Question

2000. Reverse Prefix of Word

中文文档

Description

Given a 0-indexed string word and a character ch, reverse the segment of word that starts at index 0 and ends at the index of the first occurrence of ch (inclusive). If the character ch does not exist in word, do nothing.

• For example, if word = "abcdefd" and ch = "d", then you should reverse the segment that starts at 0 and ends at 3 (inclusive). The resulting string will be "dcbaefd".

Return _the resulting string_.

 

Example 1:

Input: word = "abcdefd", ch = "d"
Output: "dcbaefd"
Explanation: The first occurrence of "d" is at index 3. 
Reverse the part of word from 0 to 3 (inclusive), the resulting string is "dcbaefd".

Example 2:

Input: word = "xyxzxe", ch = "z"
Output: "zxyxxe"
Explanation: The first and only occurrence of "z" is at index 3.
Reverse the part of word from 0 to 3 (inclusive), the resulting string is "zxyxxe".

Example 3:

Input: word = "abcd", ch = "z"
Output: "abcd"
Explanation: "z" does not exist in word.
You should not do any reverse operation, the resulting string is "abcd".

 

Constraints:

• 1 <= word.length <= 250
• word consists of lowercase English letters.
• ch is a lowercase English letter.

Solutions

Solution 1: Simulation

First, we find the index $i$ where the character $ch$ first appears. Then, we reverse the characters from index $0$ to index $i$ (including index $i$). Finally, we concatenate the reversed string with the string starting from index $i + 1$.

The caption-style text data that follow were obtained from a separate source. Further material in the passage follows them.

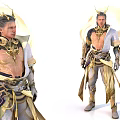 Game and Movie Character in Detailed Ornate White Gold Armor with Flowing Fabrics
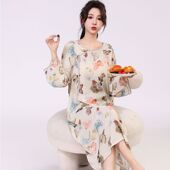 连衣裙人造棉中年妈妈家居睡衣裙 长袖 棉绸睡裙女夏宽松大码 中长款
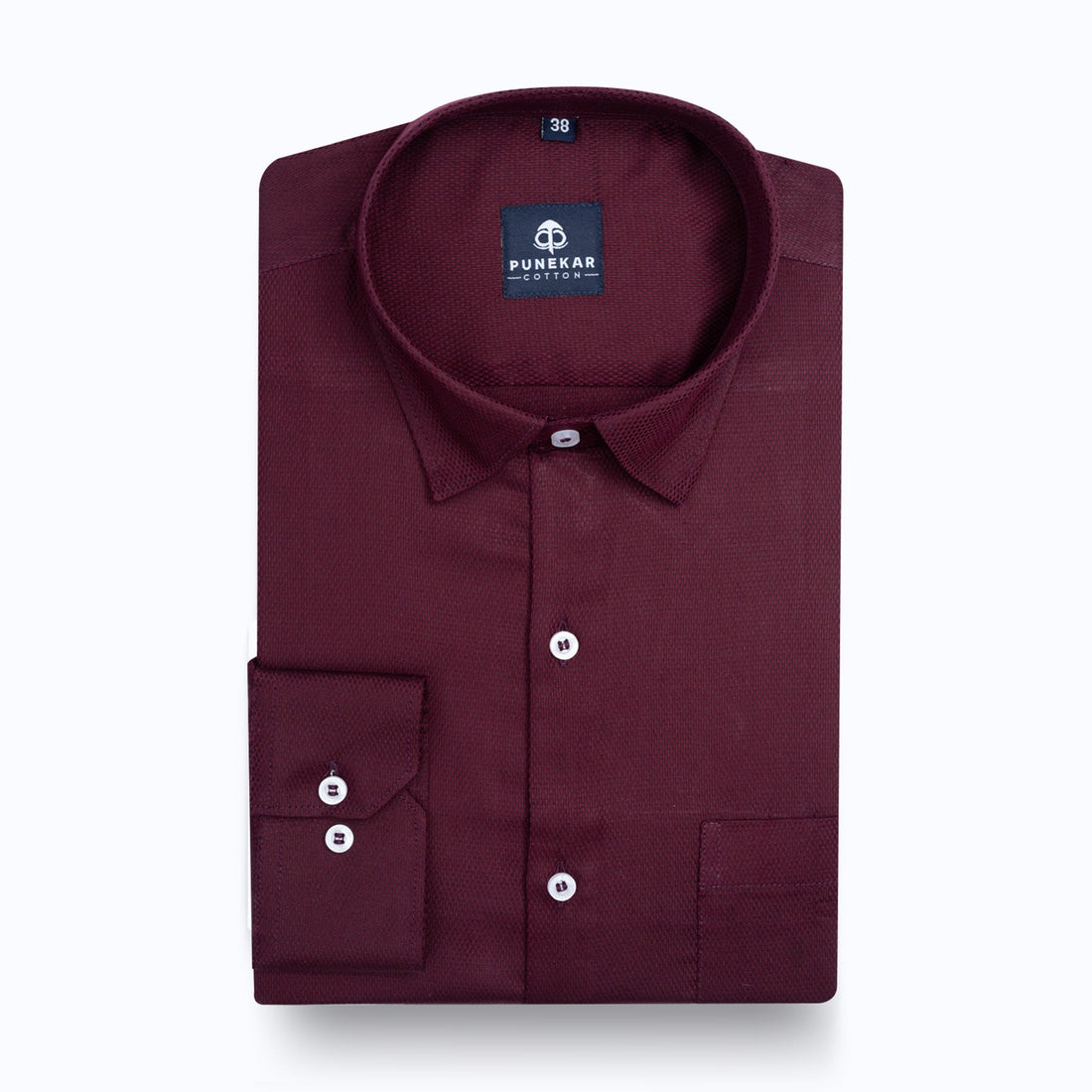 Burgundy Wine Softweave Cotton Tencel Textured Shirt For Men - Punekar Cotton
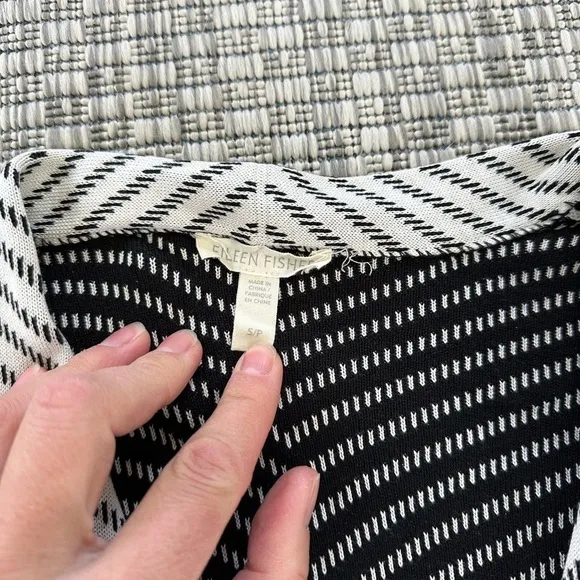 Eileen Fisher Optic Stripe Silk/Cotton Cardigan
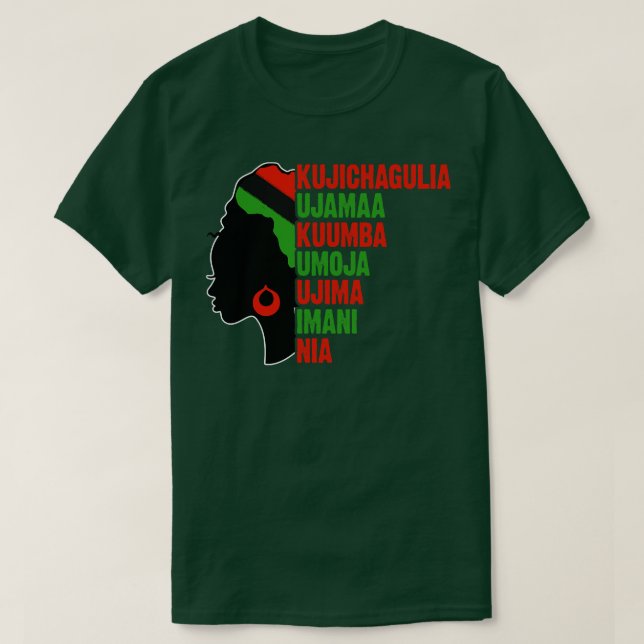 Camiseta Kwanzaa Los siete principios de Kwanzaa (Diseño del anverso)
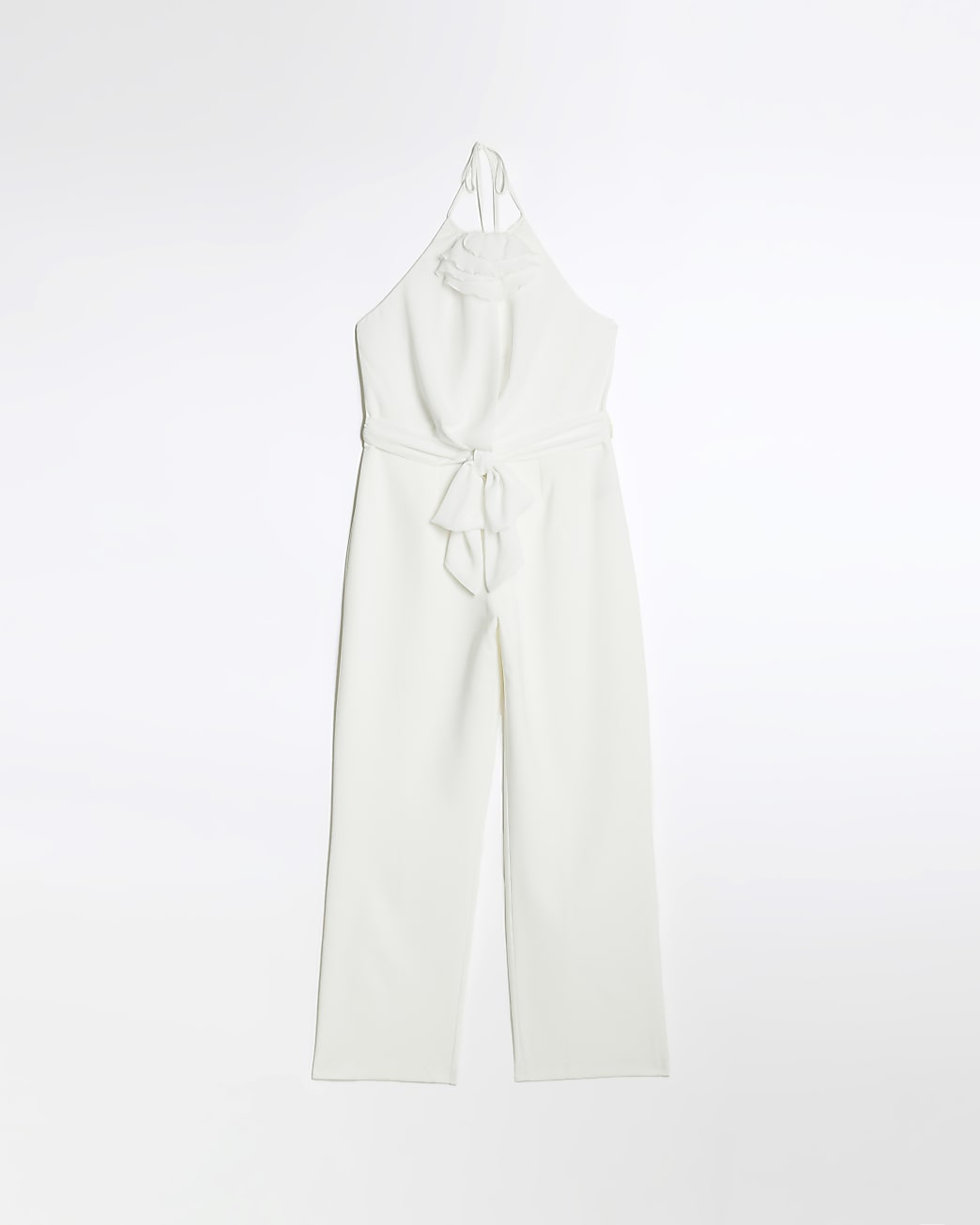 White corsage halter neck jumpsuit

The time complexity is $O(n)$, and the space complexity is $O(n)$. Here, $n$ is the length of the string $word$.

class Solution:
  def reversePrefix(self, word: str, ch: str) -> str:
    i = word.find(ch)
    return word if i == -1 else word[i::-1] + word[i + 1 :]

class Solution {
  public String reversePrefix(String word, char ch) {
    int j = word.indexOf(ch);
    if (j == -1) {
      return word;
    }
    char[] cs = word.toCharArray();
    for (int i = 0; i < j; ++i, --j) {
      char t = cs[i];
      cs[i] = cs[j];
      cs[j] = t;
    }
    return String.valueOf(cs);
  }
}

class Solution {
public:
  string reversePrefix(string word, char ch) {
    int i = word.find(ch);
    if (i != string::npos) {
      reverse(word.begin(), word.begin() + i + 1);
    }
    return word;
  }
};

func reversePrefix(word string, ch byte) string {
  j := strings.IndexByte(word, ch)
  if j < 0 {
    return word
  }
  s := []byte(word)
  for i := 0; i < j; i++ {
    s[i], s[j] = s[j], s[i]
    j--
  }
  return string(s)
}

function reversePrefix(word: string, ch: string): string {
  const i = word.indexOf(ch) + 1;
  if (!i) {
    return word;
  }
  return [...word.slice(0, i)].reverse().join('') + word.slice(i);
}

impl Solution {
  pub fn reverse_prefix(word: String, ch: char) -> String {
    match word.find(ch) {
      Some(i) => word[..=i].chars().rev().collect::<String>() + &word[i + 1..],
      None => word,
    }
  }
}

class Solution {
  /**
   * @param String $word
   * @param String $ch
   * @return String
   */
  function reversePrefix($word, $ch) {
    $len = strlen($word);
    $rs = '';
    for ($i = 0; $i < $len; $i++) {
      $rs = $rs . $word[$i];
      if ($word[$i] == $ch) {
        break;
      }
    }
    if (strlen($rs) == $len && $rs[$len - 1] != $ch) {
      return $word;
    }
    $rs = strrev($rs);
    $rs = $rs . substr($word, strlen($rs));
    return $rs;
  }
}

Solution 2

class Solution {
  public String reversePrefix(String word, char ch) {
    int j = word.indexOf(ch);
    if (j == -1) {
      return word;
    }
    return new StringBuilder(word.substring(0, j + 1))
      .reverse()
      .append(word.substring(j + 1))
      .toString();
  }
}